Household debt stands at 766 billion dollars and growing, compared with 289 billion dollars when the Coalition took office.

And household savings have sunk to new lows, giving Australian families very little to fall back on if they’re suddenly placed under extra financial pressure.

When Labor left office, Australians were saving $5.80 out of every hundred dollars they earned.

Now they’re going backwards.

Today, for every hundred dollars, they go into debt an additional $1.90.

Little wonder people were susceptible to a scare campaign, however misleading, on rates.

Record levels of household debt — not just mortgages but personal loans and credit cards — have ramped up the fear of economic ruin and transformed the interest rate issue into a potent scare campaign rivalling Tampa for it’s scale and impact across marginal seats.

This is backed up by quantitative polling conducted three nights from election day, which gave the Labor team some stark and confronting news.

A majority of swinging voters agreed that “even though I think it’s time for a change, I can’t take even take the smallest risk of interest rates going up”.

In many ways this was the fault line determining the result on 9 October — a vote for change versus the fear of economic insecurity driven by the cost of servicing record debt levels.

High-debt households are working hard just to make their repayments and are receptive to any message that this might be under threat from a change of government.

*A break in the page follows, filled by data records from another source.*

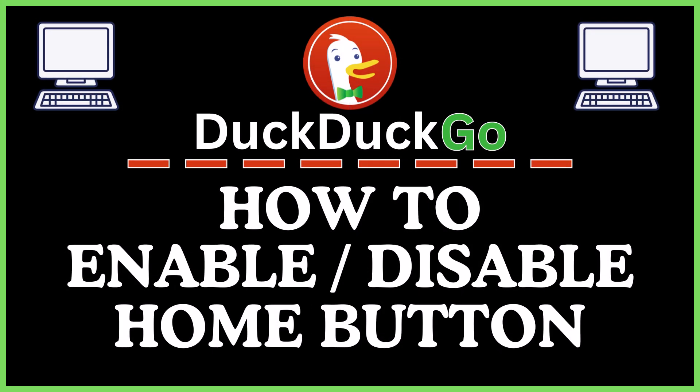This is going to be a video tutorial on how to enable or disable the home button in the DuckDuckGo web browser. I will be using a desktop PC for this.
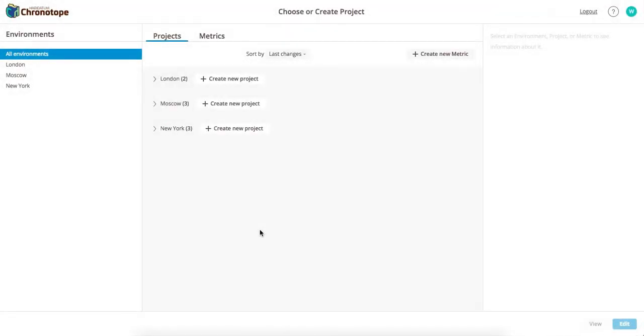In this screencast, we'll go over the basic features and functions of ChronoTope. This is the screen you'll see when you log in.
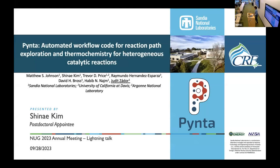Hi everyone, my name is Shinai Kim. I'm from San Diego National Lab in Livermore, and I'm a postdoc. Today I would like to introduce you to PINTA, an Automated Workflow Code for Reaction Path Exploration and Thermochemistry for Heterogeneous Catalytic Reactions. I would also like to discuss how we utilize NERSC resources to explore heterogeneous catalytic reactions using PINTA.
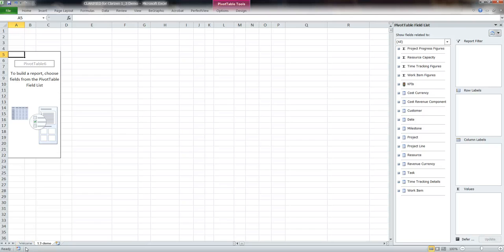Hi, my name is Hermann Otto-Israel, Customer Success Manager at BI Architects. I want to show you how to set up a resource utilization report with the Clarified for Clarison Excel file.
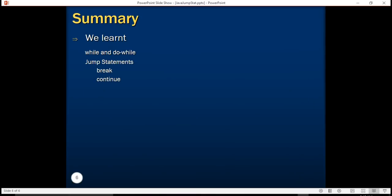So in this tutorial, we learnt about while and do-while statements. We also saw how to use the break and continue statements. Thank you for being with us. Goodbye.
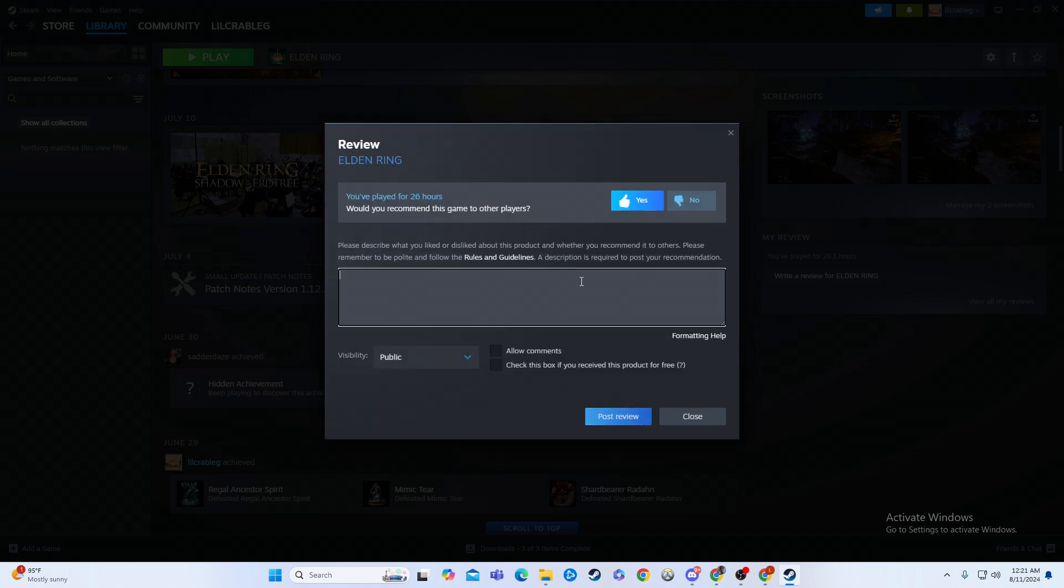And then you can just write your review right here. Great game, fun times, whatever you want to write really.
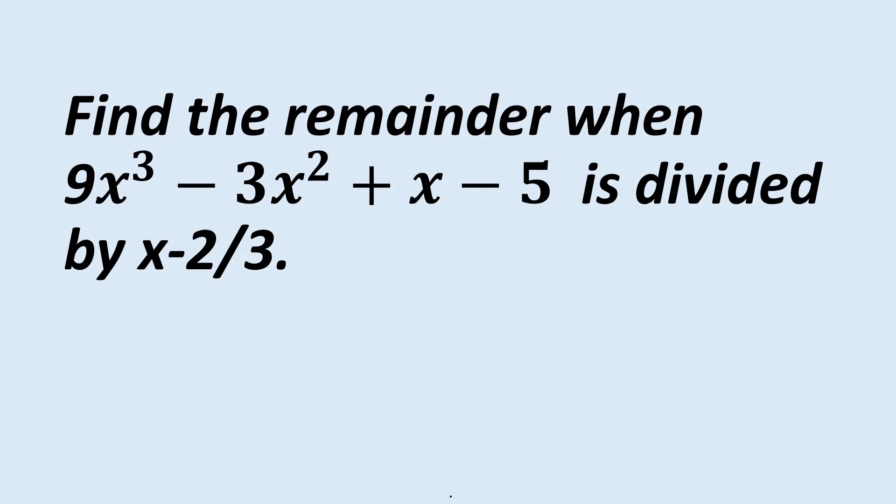Hi friends, welcome to our channel. In this video let's solve an important problem related to the remainder theorem. Find the remainder when 9x³ - 3x² + x - 5 is divided by x - 2/3.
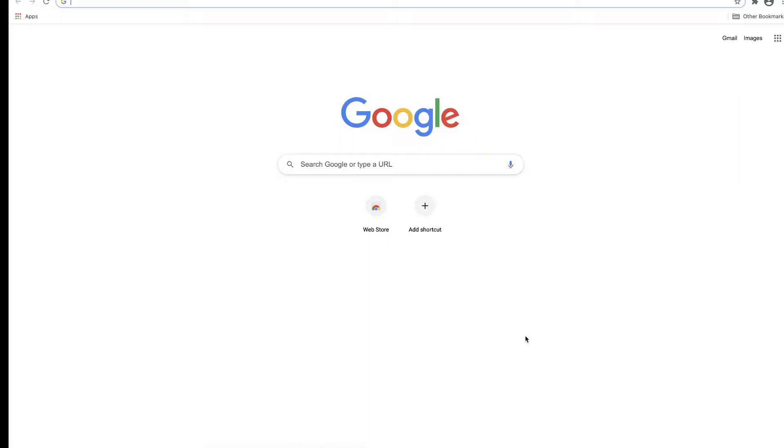The next thing we'll look at is how to get the code from GitHub, and then we'll look at how to download Android Studio.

As our analysis of the result shows, that’s where the scare campaign resonated most loudly — in the high-debt households of middle Australia.

This is the real state of play in Australia.

The electorate is not inherently conservative.

Swinging voters have always responded to hip-pocket concerns, just like they did in 1993 when they voted Labor against the mood for a change because they wouldn’t cop a GST.

In this case, it was the fear of yet another squeeze, and in the end they decided to vote for “the devil they knew”.

Peter Costello

It would be remiss of me not to spend some time dealing with the biggest post-election myth emanating from the Liberal Party, and that’s the alleged popularity of Peter Costello.

Of all the decisions we made during this campaign, this has attracted the greatest condemnation and ire of our opponents.

Our decision to highlight the leadership transition has provoked a howl of derision from the conservatives.

The moment the election result became apparent the Liberal spin machine went into overdrive — spewing out lines on why Peter Costello was a great asset during the campaign and mock disbelief that anyone would dare challenge this.

My opposite number in the Liberal Party spun this by selectively releasing the response to just one question in exit polling.

Well, when it comes to Peter Costello, the Liberals do protest too much.

In this case, the level of spin is an indicator of the level of sensitivity.

Nowhere was this clearer than in their strategy of leaking exit polling, revealing that voters have a positive view of Peter Costello’s economic stewardship.

That should come as no surprise. Many voters believe we are living in stable economic times.

The real question, asked by one of you a few weeks ago is: where are the rest of the survey results?

It beggars belief that Crosby Textor would only ask that question when it was clear from the rest of the leak that the survey was long and forensic.

Why not ask people whether they have a positive or negative view of Peter Costello, or whether he would make a good PM or whether they preferred Howard to Costello, or Costello to Latham?

We can only be left with the assumption that the rest of the findings were pretty unfavourable.

So let me respond with a more complete look at the Treasurer, demonstrating why we chose to campaign on Peter Costello.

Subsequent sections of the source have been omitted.